→ **EXERCISE PROMPT**: Restate word for word the lines below that run from the one holding "Renault Sandero б/у, 2017, Автоматическая." through the one holding "Double or Twin Room, Sea View photo 3", inclusive. Pictures don't belong in the copy.

→ **LISTED RECORDS**:
'''

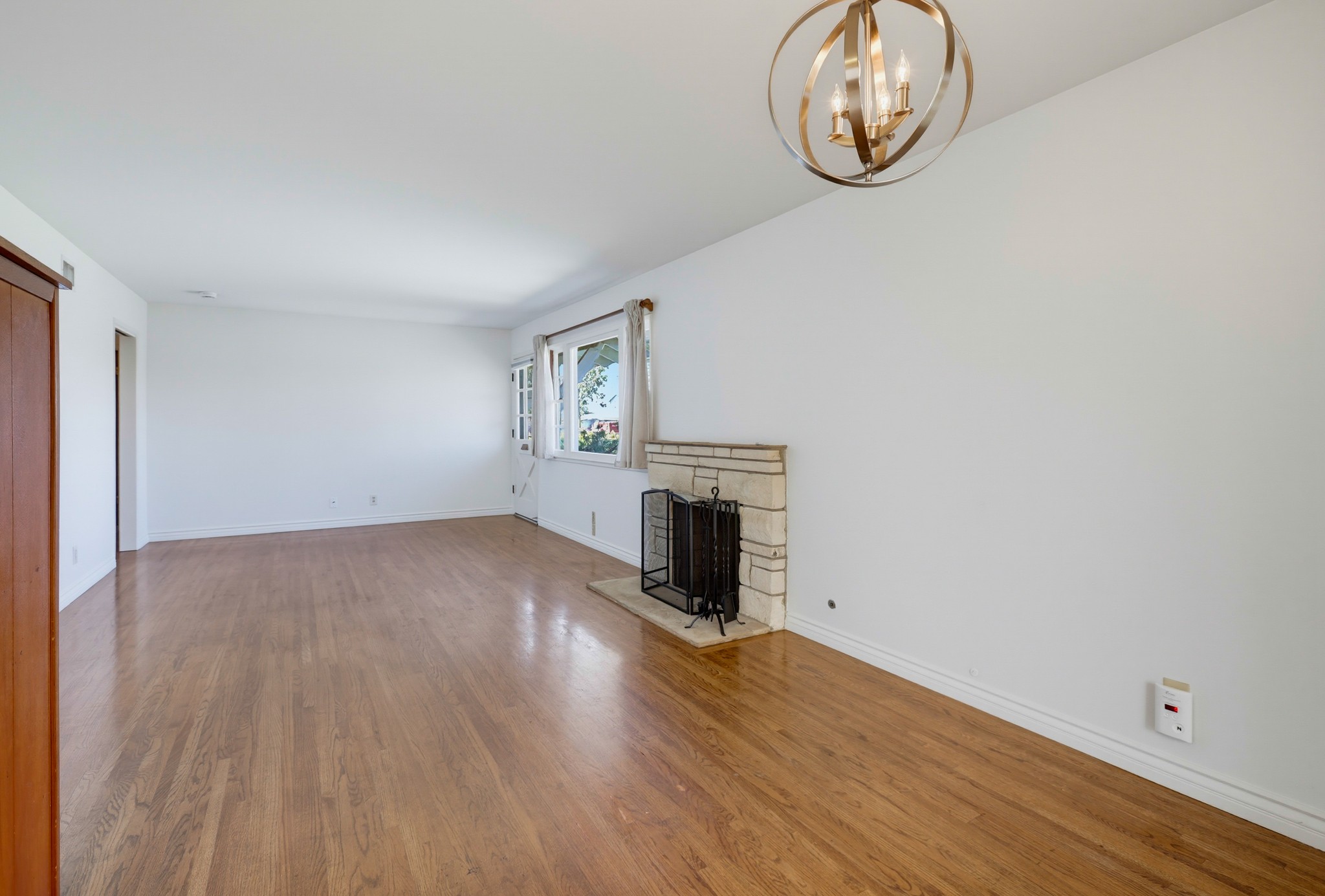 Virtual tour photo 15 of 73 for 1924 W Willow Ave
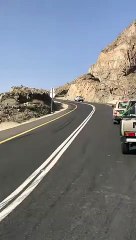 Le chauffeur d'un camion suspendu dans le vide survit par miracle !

'''
'''

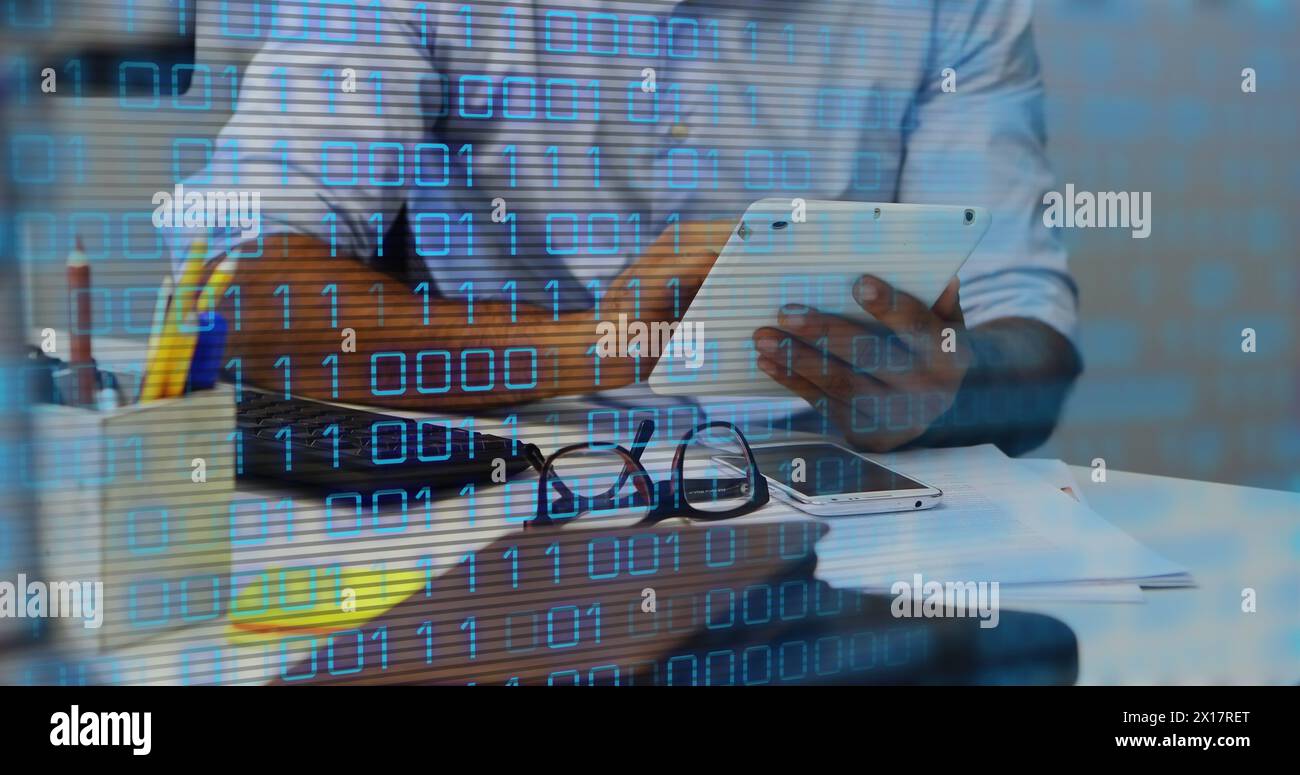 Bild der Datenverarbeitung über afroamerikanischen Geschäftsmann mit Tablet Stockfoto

'''
'''

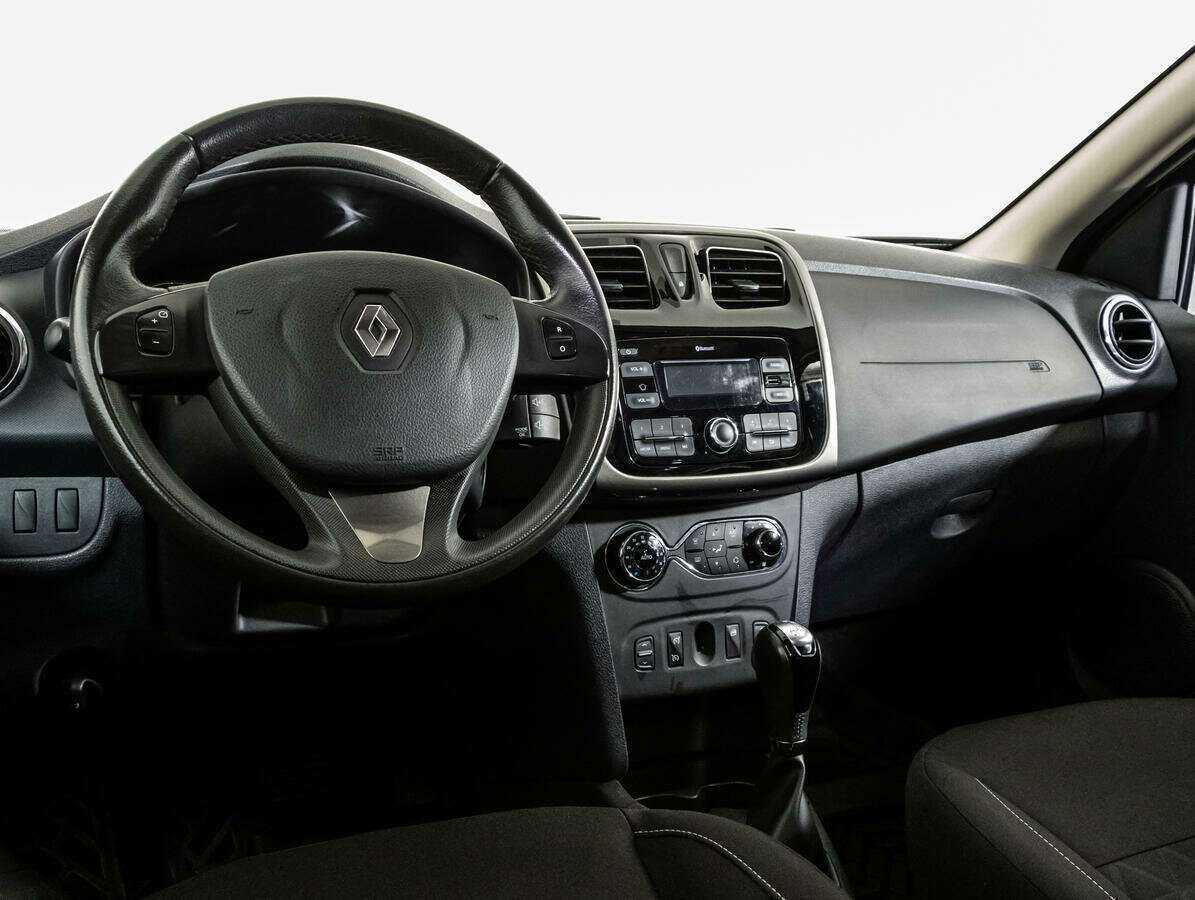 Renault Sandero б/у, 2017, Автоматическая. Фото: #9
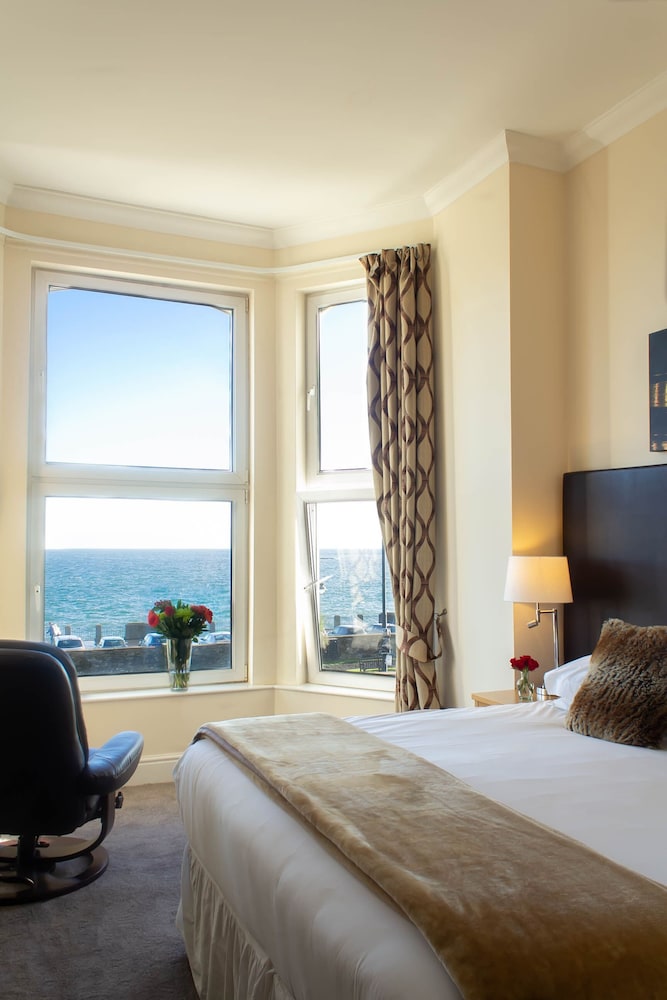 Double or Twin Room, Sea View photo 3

'''

→ **OUTPUT FOR THIS TASK**:
 Renault Sandero б/у, 2017, Автоматическая. Фото: #9
 Double or Twin Room, Sea View photo 3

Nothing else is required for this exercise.